[Opening RECORDED INFORMATION section]

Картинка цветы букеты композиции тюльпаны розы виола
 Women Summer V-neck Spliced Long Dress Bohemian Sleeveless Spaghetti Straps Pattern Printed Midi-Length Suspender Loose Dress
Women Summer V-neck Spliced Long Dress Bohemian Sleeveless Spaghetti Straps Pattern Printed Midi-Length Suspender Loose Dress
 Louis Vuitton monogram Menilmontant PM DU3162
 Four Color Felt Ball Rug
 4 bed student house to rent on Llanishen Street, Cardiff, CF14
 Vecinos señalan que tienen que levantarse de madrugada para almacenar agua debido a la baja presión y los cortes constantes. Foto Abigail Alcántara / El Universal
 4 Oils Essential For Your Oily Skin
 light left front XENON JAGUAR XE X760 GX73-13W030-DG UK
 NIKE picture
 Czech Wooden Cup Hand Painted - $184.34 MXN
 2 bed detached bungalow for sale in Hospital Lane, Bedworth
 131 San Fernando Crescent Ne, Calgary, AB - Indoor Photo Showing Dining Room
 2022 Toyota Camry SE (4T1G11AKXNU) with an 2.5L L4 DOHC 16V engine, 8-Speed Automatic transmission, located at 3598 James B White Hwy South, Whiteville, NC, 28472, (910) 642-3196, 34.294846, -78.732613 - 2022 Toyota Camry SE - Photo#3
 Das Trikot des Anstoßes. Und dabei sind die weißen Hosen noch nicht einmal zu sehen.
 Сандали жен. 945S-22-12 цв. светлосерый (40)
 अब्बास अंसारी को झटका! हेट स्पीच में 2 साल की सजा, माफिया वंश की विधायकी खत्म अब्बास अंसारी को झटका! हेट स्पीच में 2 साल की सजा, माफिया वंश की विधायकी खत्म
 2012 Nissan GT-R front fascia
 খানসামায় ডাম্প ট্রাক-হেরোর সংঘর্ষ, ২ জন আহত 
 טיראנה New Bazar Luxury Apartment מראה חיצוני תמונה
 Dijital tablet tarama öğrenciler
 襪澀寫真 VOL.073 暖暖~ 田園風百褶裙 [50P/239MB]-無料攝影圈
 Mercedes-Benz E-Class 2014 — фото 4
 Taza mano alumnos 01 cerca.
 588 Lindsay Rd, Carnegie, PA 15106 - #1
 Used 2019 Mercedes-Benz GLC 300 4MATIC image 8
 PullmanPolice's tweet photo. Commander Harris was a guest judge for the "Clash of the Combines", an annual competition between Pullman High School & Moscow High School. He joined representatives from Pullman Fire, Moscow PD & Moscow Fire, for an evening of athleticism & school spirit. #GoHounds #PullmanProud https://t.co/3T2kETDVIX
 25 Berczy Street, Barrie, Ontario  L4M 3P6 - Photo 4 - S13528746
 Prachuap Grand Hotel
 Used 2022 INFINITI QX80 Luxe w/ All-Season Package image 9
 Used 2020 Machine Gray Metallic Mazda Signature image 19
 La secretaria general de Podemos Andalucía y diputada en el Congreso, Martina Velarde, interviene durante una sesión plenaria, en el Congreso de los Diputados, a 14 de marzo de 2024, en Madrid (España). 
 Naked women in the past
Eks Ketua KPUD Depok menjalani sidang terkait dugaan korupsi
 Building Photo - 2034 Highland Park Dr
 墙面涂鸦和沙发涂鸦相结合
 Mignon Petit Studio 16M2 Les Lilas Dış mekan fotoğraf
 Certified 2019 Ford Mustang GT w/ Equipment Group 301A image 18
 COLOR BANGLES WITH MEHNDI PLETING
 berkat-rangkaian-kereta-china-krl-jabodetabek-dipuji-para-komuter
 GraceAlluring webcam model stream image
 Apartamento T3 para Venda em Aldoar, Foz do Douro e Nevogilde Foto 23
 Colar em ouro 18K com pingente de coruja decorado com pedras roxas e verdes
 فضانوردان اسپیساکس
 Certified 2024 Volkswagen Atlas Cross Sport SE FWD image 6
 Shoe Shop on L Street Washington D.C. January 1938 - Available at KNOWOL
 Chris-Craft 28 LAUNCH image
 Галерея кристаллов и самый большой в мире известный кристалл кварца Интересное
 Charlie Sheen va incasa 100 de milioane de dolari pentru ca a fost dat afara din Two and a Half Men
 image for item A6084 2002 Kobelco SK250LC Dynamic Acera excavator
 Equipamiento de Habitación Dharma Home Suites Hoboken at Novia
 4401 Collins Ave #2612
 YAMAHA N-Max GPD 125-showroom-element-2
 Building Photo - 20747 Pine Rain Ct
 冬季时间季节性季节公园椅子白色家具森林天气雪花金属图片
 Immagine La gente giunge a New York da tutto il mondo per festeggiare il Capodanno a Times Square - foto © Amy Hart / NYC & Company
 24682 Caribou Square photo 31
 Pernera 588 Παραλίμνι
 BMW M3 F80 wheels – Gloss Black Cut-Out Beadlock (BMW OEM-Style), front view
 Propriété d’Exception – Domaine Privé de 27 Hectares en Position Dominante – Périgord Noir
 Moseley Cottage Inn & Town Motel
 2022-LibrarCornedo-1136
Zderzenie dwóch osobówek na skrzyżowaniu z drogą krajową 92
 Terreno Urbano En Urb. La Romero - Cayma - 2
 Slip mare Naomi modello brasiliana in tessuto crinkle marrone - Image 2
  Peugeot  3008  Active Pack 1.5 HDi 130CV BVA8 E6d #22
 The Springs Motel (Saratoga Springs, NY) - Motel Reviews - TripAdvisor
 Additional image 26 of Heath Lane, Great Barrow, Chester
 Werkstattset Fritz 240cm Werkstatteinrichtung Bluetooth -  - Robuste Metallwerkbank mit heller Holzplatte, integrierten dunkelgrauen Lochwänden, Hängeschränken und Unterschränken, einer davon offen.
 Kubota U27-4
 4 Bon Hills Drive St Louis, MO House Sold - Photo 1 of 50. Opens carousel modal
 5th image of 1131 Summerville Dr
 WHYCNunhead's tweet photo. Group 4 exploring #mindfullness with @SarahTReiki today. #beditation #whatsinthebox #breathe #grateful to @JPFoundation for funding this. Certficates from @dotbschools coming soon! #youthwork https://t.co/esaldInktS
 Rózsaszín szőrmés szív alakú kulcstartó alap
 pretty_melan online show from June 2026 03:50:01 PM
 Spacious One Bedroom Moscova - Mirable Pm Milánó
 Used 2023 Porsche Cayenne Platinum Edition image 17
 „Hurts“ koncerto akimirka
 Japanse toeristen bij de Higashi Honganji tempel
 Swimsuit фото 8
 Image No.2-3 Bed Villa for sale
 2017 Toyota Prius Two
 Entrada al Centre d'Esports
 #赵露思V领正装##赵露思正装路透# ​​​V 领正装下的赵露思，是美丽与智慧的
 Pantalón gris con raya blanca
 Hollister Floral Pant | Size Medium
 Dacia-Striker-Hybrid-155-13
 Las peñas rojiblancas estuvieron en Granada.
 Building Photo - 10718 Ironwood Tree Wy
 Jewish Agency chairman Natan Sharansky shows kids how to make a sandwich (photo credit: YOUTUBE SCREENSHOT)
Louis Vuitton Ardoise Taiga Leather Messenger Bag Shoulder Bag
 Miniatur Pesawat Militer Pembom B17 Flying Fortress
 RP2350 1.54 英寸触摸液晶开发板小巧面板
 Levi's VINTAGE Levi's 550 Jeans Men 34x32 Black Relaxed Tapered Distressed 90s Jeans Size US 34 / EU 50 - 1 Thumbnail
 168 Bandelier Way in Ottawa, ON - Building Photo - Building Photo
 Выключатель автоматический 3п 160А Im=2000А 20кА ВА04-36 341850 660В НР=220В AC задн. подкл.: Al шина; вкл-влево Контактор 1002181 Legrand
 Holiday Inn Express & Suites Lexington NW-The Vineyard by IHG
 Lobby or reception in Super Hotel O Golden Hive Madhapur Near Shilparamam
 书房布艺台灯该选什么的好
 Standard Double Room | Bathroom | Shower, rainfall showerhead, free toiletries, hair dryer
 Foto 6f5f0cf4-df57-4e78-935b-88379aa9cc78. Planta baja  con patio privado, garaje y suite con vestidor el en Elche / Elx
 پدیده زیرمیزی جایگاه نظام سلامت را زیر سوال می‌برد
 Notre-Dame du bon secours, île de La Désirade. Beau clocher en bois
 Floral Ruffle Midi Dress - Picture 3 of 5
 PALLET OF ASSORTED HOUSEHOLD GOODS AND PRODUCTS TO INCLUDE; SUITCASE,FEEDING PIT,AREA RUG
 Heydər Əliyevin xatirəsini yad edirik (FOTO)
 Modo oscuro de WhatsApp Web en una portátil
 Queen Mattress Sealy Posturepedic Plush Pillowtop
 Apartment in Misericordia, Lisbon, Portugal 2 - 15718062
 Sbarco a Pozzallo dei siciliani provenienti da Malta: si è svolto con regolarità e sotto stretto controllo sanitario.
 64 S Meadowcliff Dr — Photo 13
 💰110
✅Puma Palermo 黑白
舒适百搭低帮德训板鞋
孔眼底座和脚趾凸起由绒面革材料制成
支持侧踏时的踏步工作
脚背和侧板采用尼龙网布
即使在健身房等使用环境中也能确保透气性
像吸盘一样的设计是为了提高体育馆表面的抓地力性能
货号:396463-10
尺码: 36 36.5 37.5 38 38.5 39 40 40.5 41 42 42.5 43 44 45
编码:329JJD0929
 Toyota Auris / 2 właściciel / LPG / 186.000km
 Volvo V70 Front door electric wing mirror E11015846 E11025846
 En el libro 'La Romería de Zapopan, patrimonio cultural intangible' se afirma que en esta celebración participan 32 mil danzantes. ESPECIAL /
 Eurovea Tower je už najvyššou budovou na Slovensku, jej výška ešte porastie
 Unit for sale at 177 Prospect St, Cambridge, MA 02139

[Closing RECORDED INFORMATION section]

● **WORK INSTRUCTIONS**: Emit verbatim the lines running from the one with "脚背和侧板采用尼龙网布" through the last line of the data, both endpoints inclusive.

● **FINISHED TASK**:
脚背和侧板采用尼龙网布
即使在健身房等使用环境中也能确保透气性
像吸盘一样的设计是为了提高体育馆表面的抓地力性能
货号:396463-10
尺码: 36 36.5 37.5 38 38.5 39 40 40.5 41 42 42.5 43 44 45
编码:329JJD0929
 Toyota Auris / 2 właściciel / LPG / 186.000km
 Volvo V70 Front door electric wing mirror E11015846 E11025846
 En el libro 'La Romería de Zapopan, patrimonio cultural intangible' se afirma que en esta celebración participan 32 mil danzantes. ESPECIAL /
 Eurovea Tower je už najvyššou budovou na Slovensku, jej výška ešte porastie
 Unit for sale at 177 Prospect St, Cambridge, MA 02139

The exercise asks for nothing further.